■ Task
Without the pictures, set down every record below exactly as it reads.

Collected data
--*--

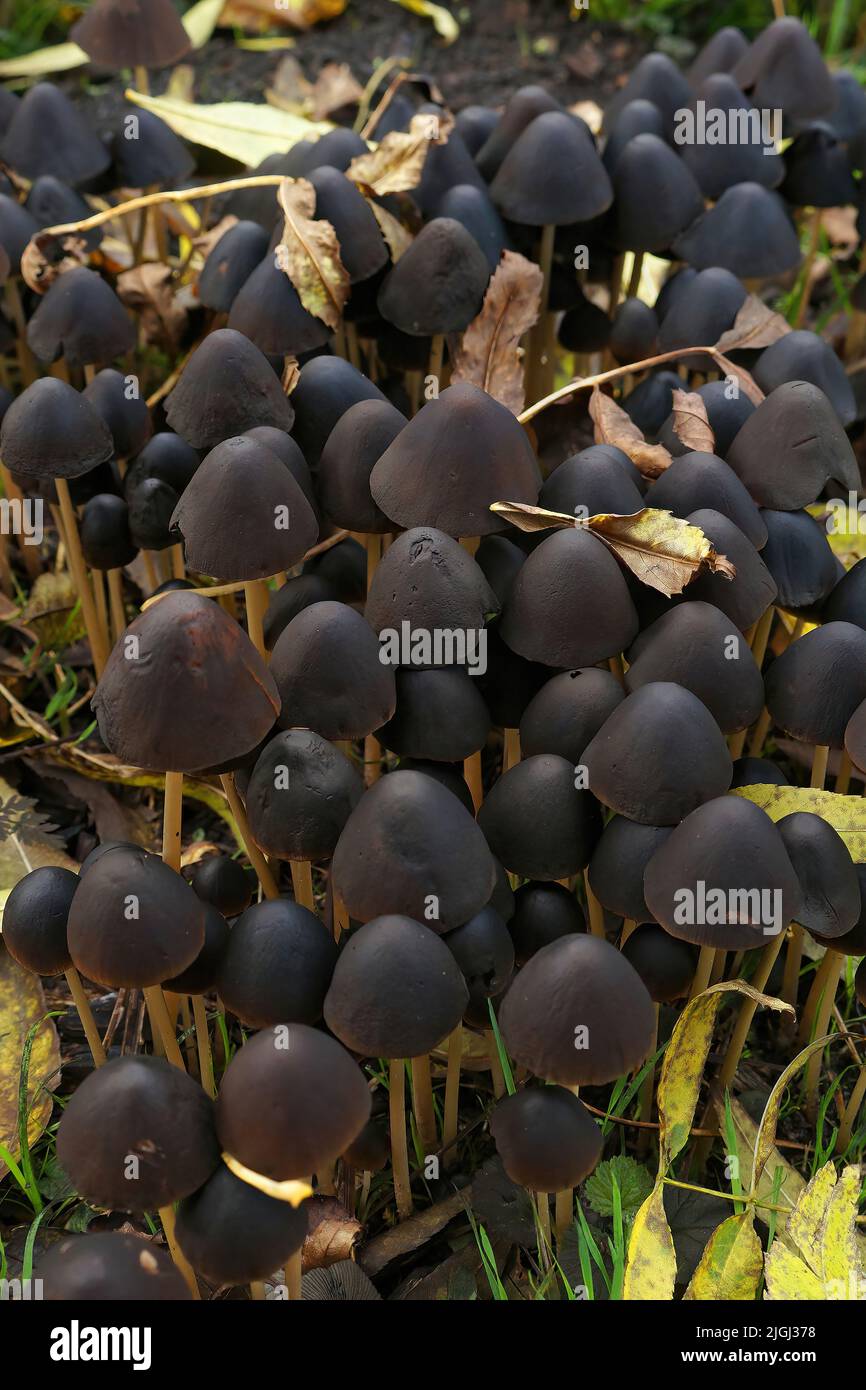 Vertical closeup on a fresh aggregation of purple Conical Brittlestem mushrooms, Psathyrella Conopilus Stock Photo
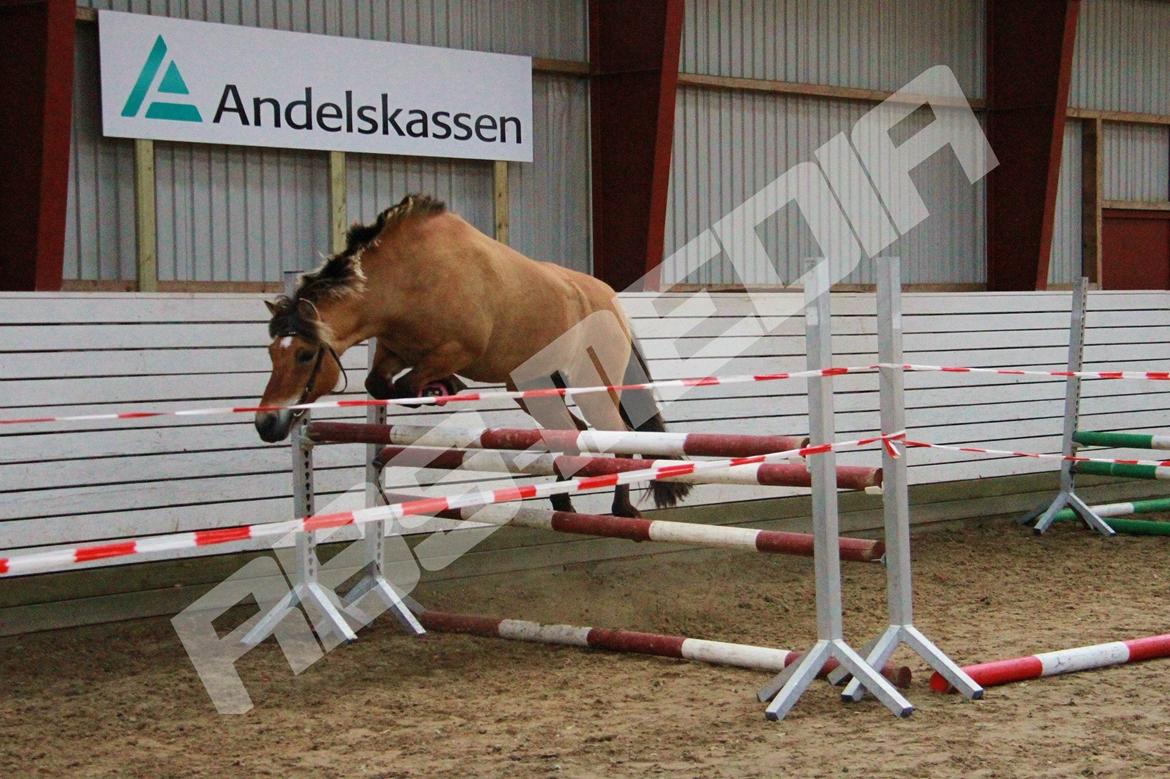 Anden særlig race Tulle p billede 19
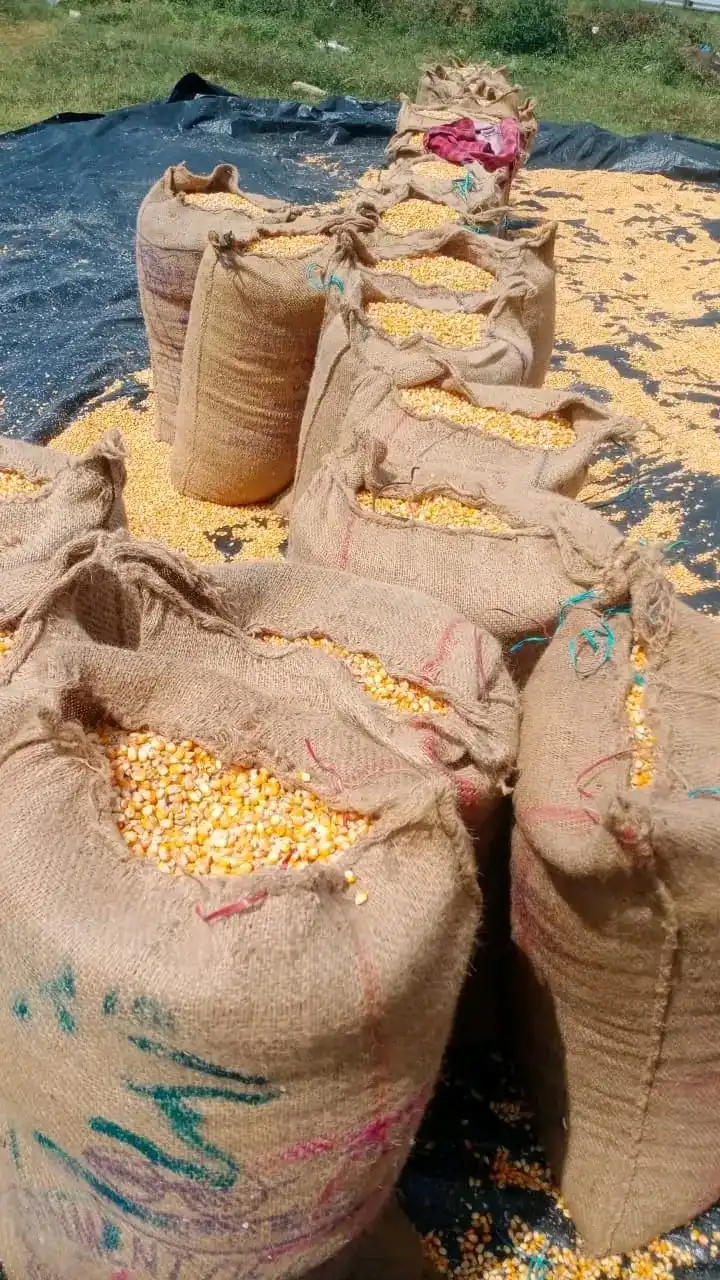 Import Yellow Maize Corn for Human  Consumption at wholesale Prices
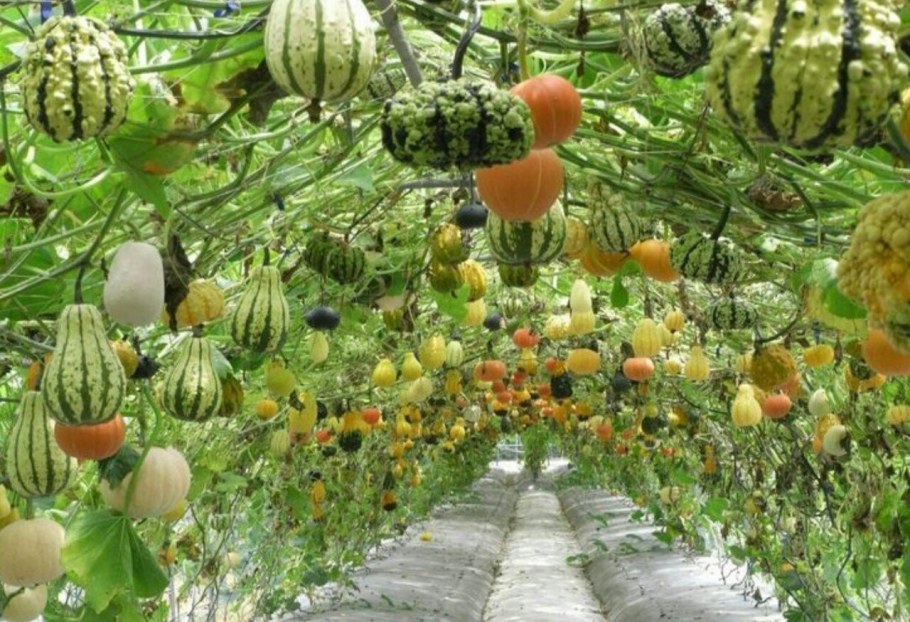 Тыква декоративная Апельсинка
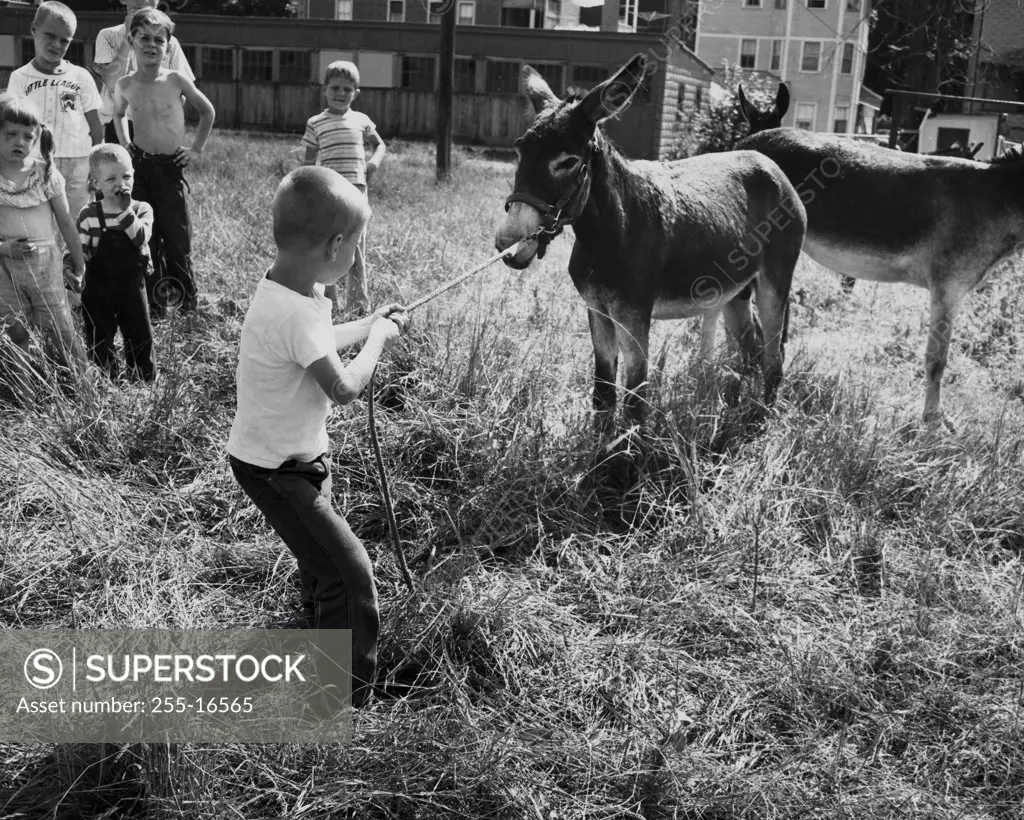 Rear view of a boy pulling a donkey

--*--

■ Solution to this exercise
 Vertical closeup on a fresh aggregation of purple Conical Brittlestem mushrooms, Psathyrella Conopilus Stock Photo
 Anden særlig race Tulle p billede 19
 Import Yellow Maize Corn for Human  Consumption at wholesale Prices
 Тыква декоративная Апельсинка
 Rear view of a boy pulling a donkey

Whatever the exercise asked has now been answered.